# insurance on tractor ? My next newbie question



## BRUCE MICHAUD (Oct 7, 2020)

Hello,
How do you all insure your tractors ?
Thru your homeowners policy ?
Or just like auto insurance, add it to your policy ?
No loan so don't have to worry about that...
Just wondering...
Thanks again
Bruce


----------



## Hoodoo Valley (Nov 14, 2006)

Ours are attached to homeowners.


----------



## LouNY (Dec 15, 2016)

My homeowners is written as a farm policy, my tractors are covered for damage and liability at home on the road or were ever its working.
Many people are happy with the KTAC from Kubota, it does not need to be a Kubota tractor.


----------



## BRUCE MICHAUD (Oct 7, 2020)

so a quick update on KTAC, apparently they don't do insurance if you do not buy from a authorized dealer, or have a Kubota loan.
I'll keep looking...
Thanks for the lead though..


----------



## pogobill (Jan 31, 2012)

I'd look into your home insurance papers, your tractor may be covered.


----------



## bmaverick (Feb 20, 2014)

BRUCE MICHAUD said:


> Hello,
> How do you all insure your tractors ?
> Thru your homeowners policy ?
> Or just like auto insurance, add it to your policy ?
> ...


Thru home owners policy. And the tractor is covered on the property. Should you have adjoining property, you can be covered too. Just check the policy. You may need to claim those items as 'as use' on the property. Same goes for snowmobiles, ATVs, golf carts, etc. 

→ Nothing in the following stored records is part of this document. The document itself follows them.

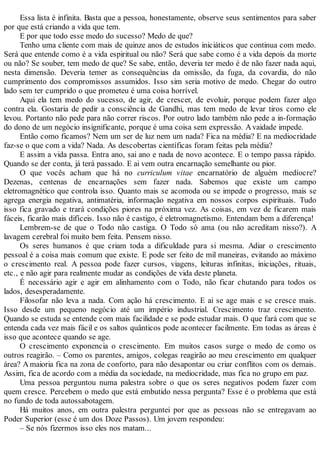 Essa lista é infinita. Basta que a pessoa, honestamente, observe seus sentimentos para saber
por que está criando a vida que tem.
E por que todo esse medo do sucesso? Medo de que?
Tenho uma cliente com mais de quinze anos de estudos iniciáticos que continua com medo.
Será que entende como é a vida espiritual ou não? Será que sabe como é a vida depois da morte
ou não? Se souber, tem medo de que? Se sabe, então, deveria ter medo é de não fazer nada aqui,
nesta dimensão. Deveria temer as consequências da omissão, da fuga, da covardia, do não
cumprimento dos compromissos assumidos. Isso sim seria motivo de medo. Chegar do outro
lado sem ter cumprido o que prometeu é uma coisa horrível.
Aqui ela tem medo do sucesso, de agir, de crescer, de evoluir, porque podem fazer algo
contra ela. Gostaria de pedir a consciência de Gandhi, mas tem medo de levar tiros como ele
levou. Portanto não pede para não correr riscos. Por outro lado também não pede a in-formação
do dono de um negócio insignificante, porque é uma coisa sem expressão. Avaidade impede.
Então como ficamos? Nem um ser de luz nem um nada? Fica na média? E na mediocridade
faz-se o que com a vida? Nada. As descobertas científicas foram feitas pela média?
E assim a vida passa. Entra ano, sai ano e nada de novo acontece. E o tempo passa rápido.
Quando se der conta, já terá passado. E ai vem outra encarnação semelhante ou pior.
O que vocês acham que há no curriculum vitae encarnatório de alguém medíocre?
Dezenas, centenas de encarnações sem fazer nada. Sabemos que existe um campo
eletromagnético que controla isso. Quanto mais se acomoda ou se impede o progresso, mais se
agrega energia negativa, antimatéria, informação negativa em nossos corpos espirituais. Tudo
isso fica gravado e trará condições piores na próxima vez. As coisas, em vez de ficarem mais
fáceis, ficarão mais difíceis. Isso não é castigo, é eletromagnetismo. Entendam bem a diferença!
Lembrem-se de que o Todo não castiga. O Todo só ama (ou não acreditam nisso?). A
lavagem cerebral foi muito bem feita. Pensem nisso.
Os seres humanos é que criam toda a dificuldade para si mesma. Adiar o crescimento
pessoal é a coisa mais comum que existe. E pode ser feito de mil maneiras, evitando ao máximo
o crescimento real. A pessoa pode fazer cursos, viagens, leituras infinitas, iniciações, rituais,
etc., e não agir para realmente mudar as condições de vida deste planeta.
É necessário agir e agir em alinhamento com o Todo, não ficar chutando para todos os
lados, desesperadamente.
Filosofar não leva a nada. Com ação há crescimento. E ai se age mais e se cresce mais.
Isso desde um pequeno negócio até um império industrial. Crescimento traz crescimento.
Quando se estuda se entende com mais facilidade e se pode estudar mais. O que fará com que se
entenda cada vez mais fácil e os saltos quânticos pode acontecer facilmente. Em todas as áreas é
isso que acontece quando se age.
O crescimento exponencia o crescimento. Em muitos casos surge o medo de como os
outros reagirão. – Como os parentes, amigos, colegas reagirão ao meu crescimento em qualquer
área? A maioria fica na zona de conforto, para não desapontar ou criar conflitos com os demais.
Assim, fica de acordo com a média da sociedade, na mediocridade, mas fica no grupo em paz.
Uma pessoa perguntou numa palestra sobre o que os seres negativos podem fazer com
quem cresce. Percebem o medo que está embutido nessa pergunta? Esse é o problema que está
no fundo de toda autossabotagem.
Há muitos anos, em outra palestra perguntei por que as pessoas não se entregavam ao
Poder Superior (esse é um dos Doze Passos). Um jovem respondeu:
– Se nós fizermos isso eles nos matam...
 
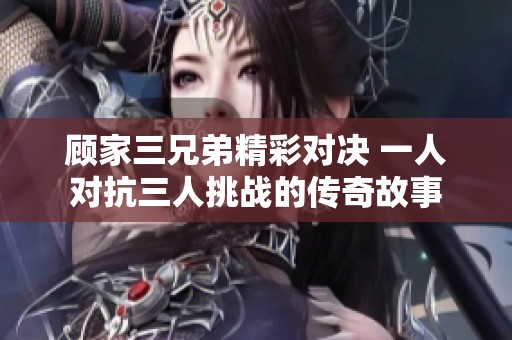 顾家三兄弟精彩对决 一人对抗三人挑战的传奇故事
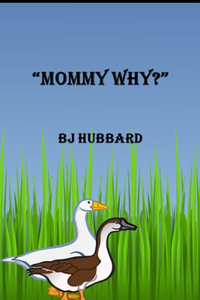 Mommy Why?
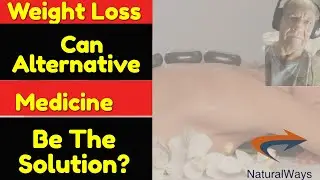 Weight Loss - How Alternative Medicine Can Help
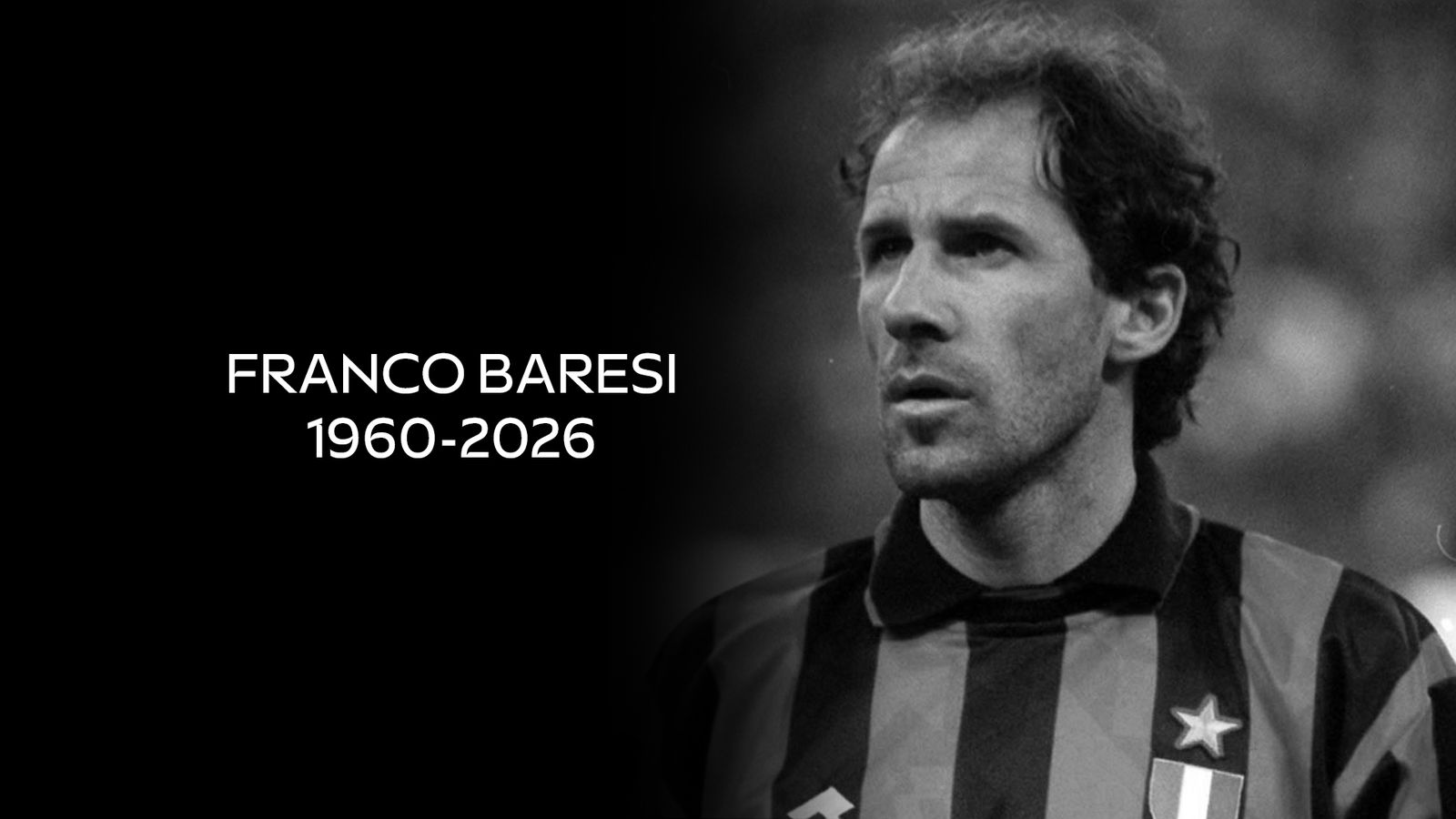 Football Mourns, Former AC Milan Defender Franco Baresi Passes Away at 66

IF you want to do service jobs for others off the property, then it's your call for what policy you would need. Some people just add it to their auto policy. Just depends on the ins. co and the state you are in.


----------



## Ed Williams (Jun 13, 2019)

I have mine insured through my Kentucky Farm Bureau homeowners policy. Not a very good deal now since they raised my deductable to $1000. Had to accept the high deductable to keep homeowners rates reasonable. Checked with 5 insurers and rates were comparable with each other. Saved $600 a year with the higher deductable. They cover both tractors and all the implements.


----------



## sleepylizard (Dec 28, 2016)

BRUCE MICHAUD said:


> Hello,
> How do you all insure your tractors ?
> Thru your homeowners policy ?
> Or just like auto insurance, add it to your policy ?
> ...


Here in Australia, we have a number of companies that do farm insurance, including public liability. That's where I'd look.


----------



## XT190 (Apr 25, 2020)

Bruce,
If you are always going to keep your tractor on YOUR property your homeowner’s policy may be the easiest and least expensive way to insure it. If you take your tractors to shows, parades, pulling contests, or store it off YOUR property then a separate policy (similar to an auto policy) could be a better way to insure it. It might be a little more expensive than a homeowner’s rider policy, but probably will offer more complete coverage. Check with your insurance provider to be sure how you might be best covered. Hope you never have to use it either way!
XT190


----------



## LouNY (Dec 15, 2016)

From what I found out here most homeowners policys do not cover you for anything once you are off your property, so it could be iffy mowing along side the road or driving down the road to go to a neighbors and you would not be insured for anything once off your property.


----------



## TX MX5200 (May 12, 2020)

Had mine added to homeowners...I have to list additional assets and those are agreed value coverages...also have my mower, UTV and trailer covered. Mine is thru a Farm Mutual and covered off site as well. Really need to review with agent as different carriers may have different contracts.


----------



## Groo (Jan 17, 2020)

I've done homeowners rider for a snowmobile multiple times. That was obviously intended to not leave my urban lot.


----------